Dio media vuelta presa de verdadera inquietud, y se precipitó a la persecución del perro, que a su vez perseguía el auto, y saltó dentro del vehículo. El capitán le imitó con la intención de desalojarlo. Pero antes de que pudiese llevar a cabo su propósito se dio cuenta de que ya era demasiado tarde. El coche corría a gran velocidad. Levantó los ojos y descubrió el letrero de El Viejo Navío, enarbolado en la parte delantera como si fuese un estandarte rígido, y a Pump, con el barrilillo de ron y el queso, instalado sólidamente junto al chófer.

Para él aquel incidente era un terremoto más desconcertante que para los demás; sin embargo, conservó la presencia de espíritu para asomarse por la ventanilla y gritar:

--La máquina queda en buenas manos; ¡nunca hice daño a un motor!

Atrás, cada vez más lejos, quedaban Dorian Wimpole y el asno, sumidos en el mágico pinar bañado por la luz de la luna.

Para una mente mística que sigue siendo una mente (cosa que no siempre ocurre) es difícil encontrar dos objetos más conmovedores y más simbólicos que un poeta y un asno. Y el asno era un asno de una autenticidad a toda prueba, igual de auténtico que el poeta en su papel de poeta, por más que en ocasiones se asemejaba mucho al otro animal. El interés que el poeta inspiraba al asno no nos será nunca revelado. Pero el interés que el asno inspiraba al poeta era realmente sincero e incluso sobrevivió a aquel insólito encuentro acontecido en la impresionante soledad de los bosques.

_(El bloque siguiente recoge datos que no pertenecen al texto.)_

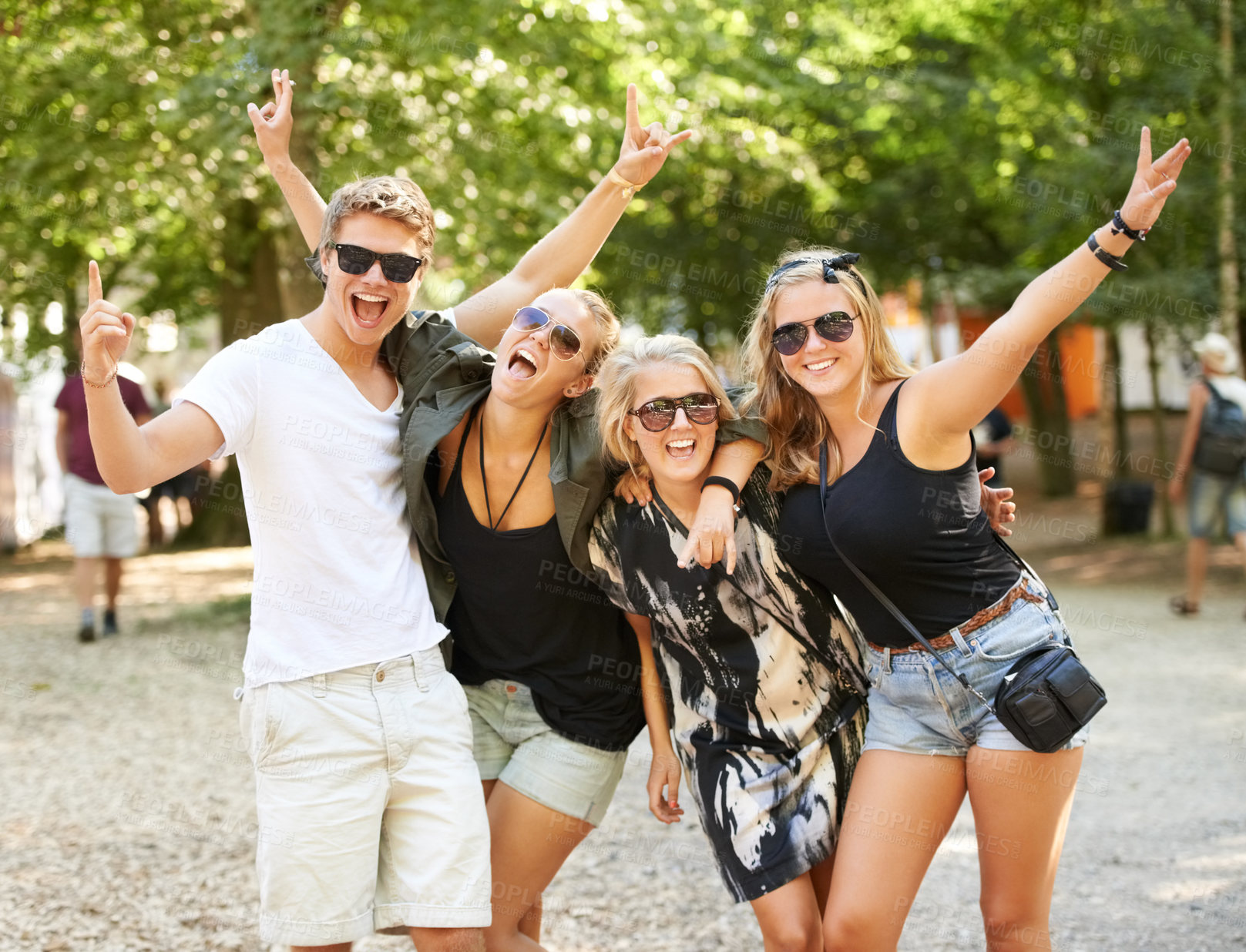 Buy stock photo Four friends partying and celebrating at a music festival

Creo, no obstante, que el poeta hubiese aclarado parte del enigma de haber visto el semblante rígido y pálido del hombre que conducía sentado al volante de su coche perdido. Si lo hubiese visto quizás habría recordado el nombre y llegado quizás a comprender la naturaleza de cierto animal que no es burro ni ostra, sino la criatura que el hombre olvida más fácilmente desde la hora en que olvidó a Dios en el Paraíso.